Anyway, these are the C-17 design elements that intrigue me the most:
- The base of the vertical stabilizer is exactly as wide as the top (when viewed from the side profile). This creates an illusion of the base looking narrower than the top – which is weird, and extremely unique.
- The main landing gear doesn’t appear to be tall enough to avoid tail strikes. It is, of course, but I imagine it can’t be by much. That’s what happens when you need to make the loading deck as low to the ground as possible I guess
- Speaking of landing gear, the front gear is surprisingly simple (and small) for such a heavy aircraft. It looks really tiny and disproportionate to the fuselage.
- The extreme droop of the wings seems unnatural (and not all that efficient). It looks great, but completely opposite of most commercial aircraft I’ve illustrated. For example, the wings on the Boeing 787-9 angle upwards (and flex even more under load).
- I really like the way that the wings intersect with the fuselage. That connection is very complex, and extremely difficult to illustrate due to how smoothly everything blends together.

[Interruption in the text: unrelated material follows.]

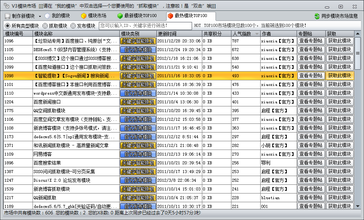 Ҧ���˿�9788����ͼ��Ƶ����������ȫ��ֲ������²ۣ�����ҶԲ����й��ˣ�ͼ��...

- Much like the forward landing gear, the horizontal stabilizer seems relatively insignificant compared to the overall size of the aircraft. Is this an indication of how stable the C-17 is in the air?
- What’s up with the lack of windows? I realize that the purpose of the C-17 is to haul cargo most of the time, but it’s also used for troop transport as well. Wouldn’t at least a few windows make sense? And surely there would be a need for crew members to be able to see what’s happening outside (from many angles).
During the illustration process, I couldn’t help but think how much the C-17 reminded me of what I was feeling when creating my side view A380-800 templates.
Both are extremely fat / 4-engined monsters. Neither looks all that graceful IMHO, which caused me to repeatedly double check my reference material to make sure I wasn’t working with manipulated images of some kind.
I guess that just goes to prove that not all aircraft have to look like rocket ships. It goes against everything I learned as a child while watching Saturday morning cartoons, and it weirds me out a little.